Doivent-elles être mieux encadrées ?

« Cette question du plaquage ventral ne peut pas être examinée indépendamment aussi de la question de la formation des policiers, des gendarmes, des relations police population, des conditions d’intervention », assure de son côté Marion Guémas. Jointe par franceinfo, la responsable des programmes police-justice-lieux de privation de liberté chez ACAT-France assure qu’« il y a des manquements, avec des policiers et des gendarmes qui ne sont pas suffisamment formés, qui travaillent dans des conditions difficiles et donc cela aboutit trop fréquemment aux drames qu’on connaît. »

Si on ne forme pas suffisamment les policiers et les gendarmes, forcément, ils aboutiront à avoir des gestes qui sont inadaptés, voire parfois interdits.Marion Guémas, ACAT Franceà franceinfo

Sur franceinfo, le 4 mars dernier, François Ruffin estimait qu’il fallait « insister sur la formation continue ». « On a interrogé [le syndicat] Unsa-Police qui nous dit : zéro formation. On a interrogé Vigi-Police [un autre syndicat] : rien, pas de formation continue. On interroge la direction de la police nationale qui nous dit qu’il n’y a pas de formation continue », pointait notamment le député La France insoumise.

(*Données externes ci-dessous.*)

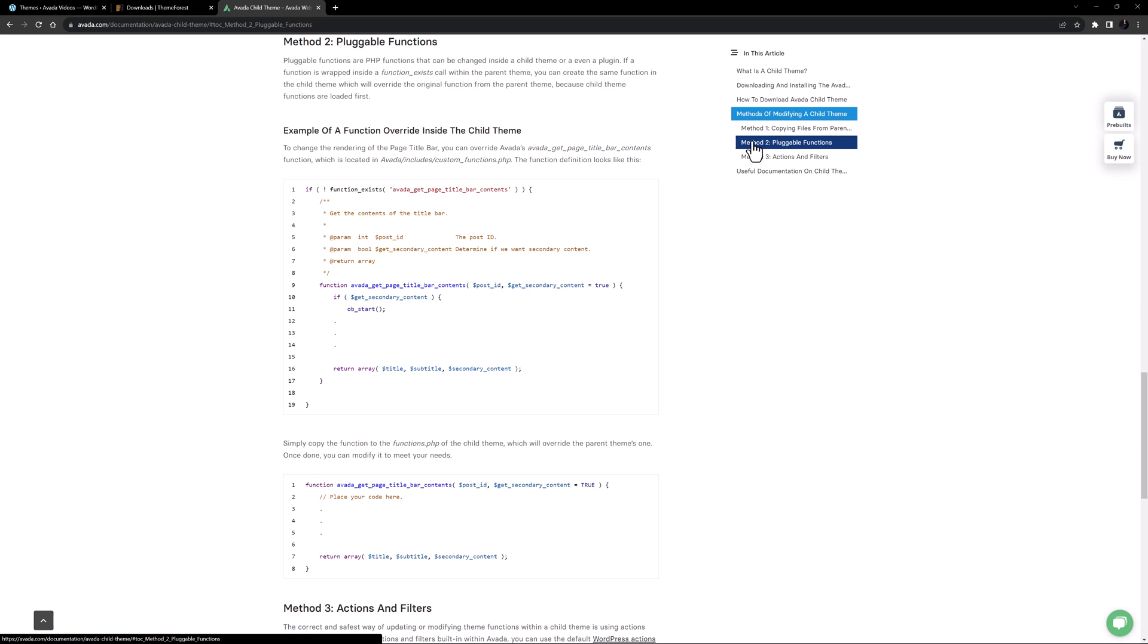If, for example, a function is wrapped inside a function exists call within the parent theme, you could create the same function in the child theme. This would override the original function from the parent theme, because child theme functions are loaded first.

Des forces de l’ordre pas assez formées ? Stanislas Gaudon, du syndicat Alliance Police nationale, acquiesce : « Effectivement, il y a un problème dans la police nationale. La formation continue des agents tout au long de la carrière est largement en dessous des enjeux de sécurité et des attentes des collègues. » D’après le représentant syndical, les agents de police doivent avoir « un volet d’heures de formation qui soient dédiés, où ils aient des séances ‘de recyclage’, où on leur montre les techniques. Parce qu’une police bien formée est une police qui est bien opérationnelle et qui est aussi plus sereine lorsqu’elle est face à des situations qui ne sont pas prévues dans les manuels. C’est ça aussi notre métier », explique-t-il. 

Nous déplorons que la formation continue au sein de la police nationale ne soit pas à la hauteur des enjeux.Stanislas Gaudron, Alliance police nationaleà franceinfo

Certains pays, comme la Belgique ou la Suisse, et les villes de New York et Los Angeles aux États-Unis, ont renoncé à ces pratiques. Ce n’est pour l’instant pas le cas de la France. Contactés, la police nationale et le ministère de l’Intérieur n’ont pas donné suite à notre demande d’interview. Quant au projet de loi déposé par La France insoumise visant à interdire les techniques d’immobilisation létales, il a été rejeté par la commission des lois.